From mboxrd@z Thu Jan  1 00:00:00 1970
Return-Path: <linux-pci-owner@vger.kernel.org>
Received: from mga18.intel.com ([134.134.136.126]:47546 "EHLO mga18.intel.com"
        rhost-flags-OK-OK-OK-OK) by vger.kernel.org with ESMTP
        id S1728021AbeIJWQb (ORCPT <rfc822;linux-pci@vger.kernel.org>);
        Mon, 10 Sep 2018 18:16:31 -0400
Date: Mon, 10 Sep 2018 11:22:46 -0600
From: Keith Busch <keith.busch@intel.com>
To: Lukas Wunner <lukas@wunner.de>
Cc: Linux PCI <linux-pci@vger.kernel.org>,
        Bjorn Helgaas <bhelgaas@google.com>,
        Benjamin Herrenschmidt <benh@kernel.crashing.org>,
        Sinan Kaya <okaya@kernel.org>,
        Thomas Tai <thomas.tai@oracle.com>,
        "poza@codeaurora.org" <poza@codeaurora.org>,
        Christoph Hellwig <hch@lst.de>
Subject: Re: [PATCHv2 16/20] PCI/pciehp: Implement error handling callbacks
Message-ID: <20180910172246.GA7753@localhost.localdomain>
References: <20180905203546.21921-1-keith.busch@intel.com>
 <20180905203546.21921-17-keith.busch@intel.com>
 <20180910132033.ei5nk4iibt7pesd5@wunner.de>
 <20180910145641.GA7466@localhost.localdomain>
 <20180910160926.7grtfdyw3iv2xg4x@wunner.de>
 <20180910164528.GC7466@localhost.localdomain>
 <20180910170848.7q2qii2mm655eghw@wunner.de>
MIME-Version: 1.0
Content-Type: text/plain; charset=us-ascii
In-Reply-To: <20180910170848.7q2qii2mm655eghw@wunner.de>
Sender: linux-pci-owner@vger.kernel.org
List-ID: <linux-pci.vger.kernel.org>

On Mon, Sep 10, 2018 at 07:08:48PM +0200, Lukas Wunner wrote:
> On Mon, Sep 10, 2018 at 10:45:28AM -0600, Keith Busch wrote:
> > On Mon, Sep 10, 2018 at 06:09:26PM +0200, Lukas Wunner wrote:
> > > On Mon, Sep 10, 2018 at 08:56:42AM -0600, Keith Busch wrote:
> > > > The sysfs entries still function. Their actions are only temporarily
> > > > stalled during error handling. Once the slot reset is called, the
> > > > ctrl->pending_events is queried to take requested actions.
> > > 
> > > Okay I see.  Still, releasing the IRQ and requesting it again seems fairly
> > > heavy-wheight.  Why not just acquire ctrl->reset_lock?
> > 
> > That was looking like a nice way to handle it, but it introduces
> > circular locking between ctrl->reset_lock and pci_bus_sem:
> > 
> > CPU A                               CPU B
> > ---------------------------------   ------------------------
> > pci_walk_bus                        pciehp_ist
> >  down_read(&pci_bus_sem)             down_read(&ctrl->reset_lock);
> >   pcie_portdrv_error_detected         pciehp_handle_presence_or_link_change
> >    pciehp_error_detected               pciehp_unconfigure_device
> >     down_write(&ctrl->reset_lock)       pci_stop_and_remove_bus_devicea
> >                                          down_write(&pci_bus_sem);
> 
> Why is pciehp bringing down the slot?  Is that in reaction to a
> Link Down caused by the error?  

This could just be something that happens if a hotplug and error event
occur about the same time.

> Can this be solved with Sinan's
> approach to check in pciehp whether PCI_EXP_DEVSTA_FED is set
> and if so, waiting for it to be handled?
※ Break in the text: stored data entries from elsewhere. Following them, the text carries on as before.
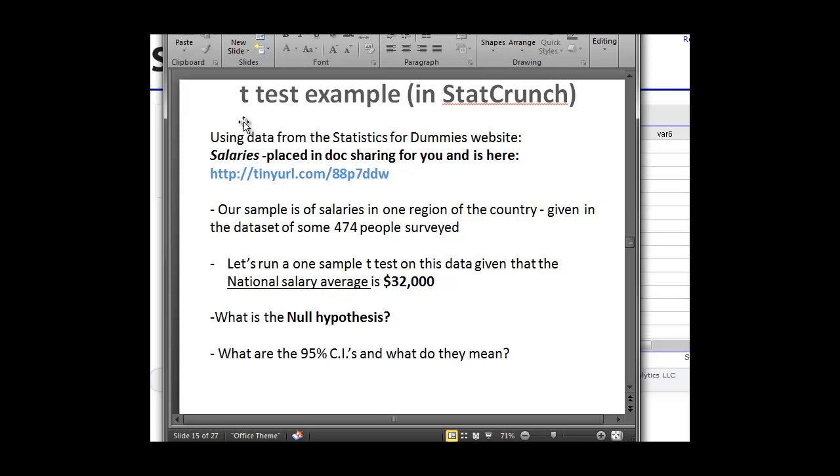So the question here is, can we run a sample t-test on this data, given that the national salary average for this type of area is $32,000? So our questions are: what is the null hypothesis, what are the 95% confidence intervals and what do they mean, and when we do this t-test, how do we get the statistic and how do we interpret that using the software?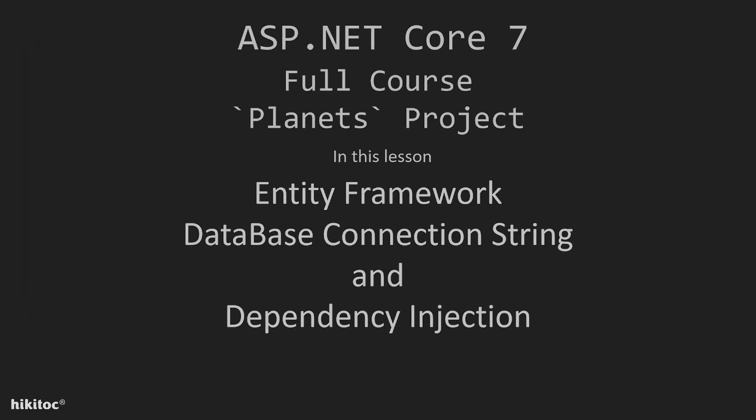Thank you for joining. In this lesson, we will update our dbContext class by adding a constructor. We will create a connection string and then utilize this connection string with dependency injection in the program file.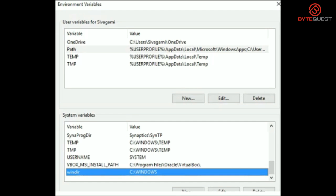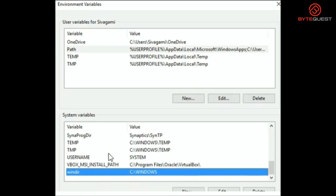Just like programming languages use variables, operating systems use variables as well. Environment variables are variables used with the operating system which store information that running programs and applications use. For instance, environment variables provide answers to questions like, where is the operating system installed? What's the name of the user running the program? Where is a particular program installed? And so on.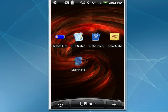Hi, this is Mike Callahan, Dr. FileFinder, and welcome to the Sweet Stuff Going Mobile. This week, I'm going to take a look at five free note-taking applications for your Android phone.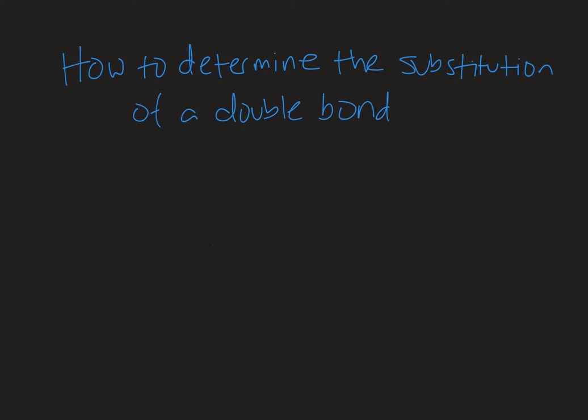Welcome to Chemistry with Caroline. In this video, we're going to look at how to determine the substitution of a double bond.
That only helps if the downstream port detected a fatal error, but
error handling happens for any device reported error.

> FWIW you can use synchronize_irq() in pciehp_error_detected()
> if you need to wait for the IRQ thread to stop before taking
> the reset_lock.

That would just be a different dead lock: pciehp_error_detected is
holding a read lock on pci_bus_sem, and irq thread may request a
write lock, so both threads are dead locked on each other.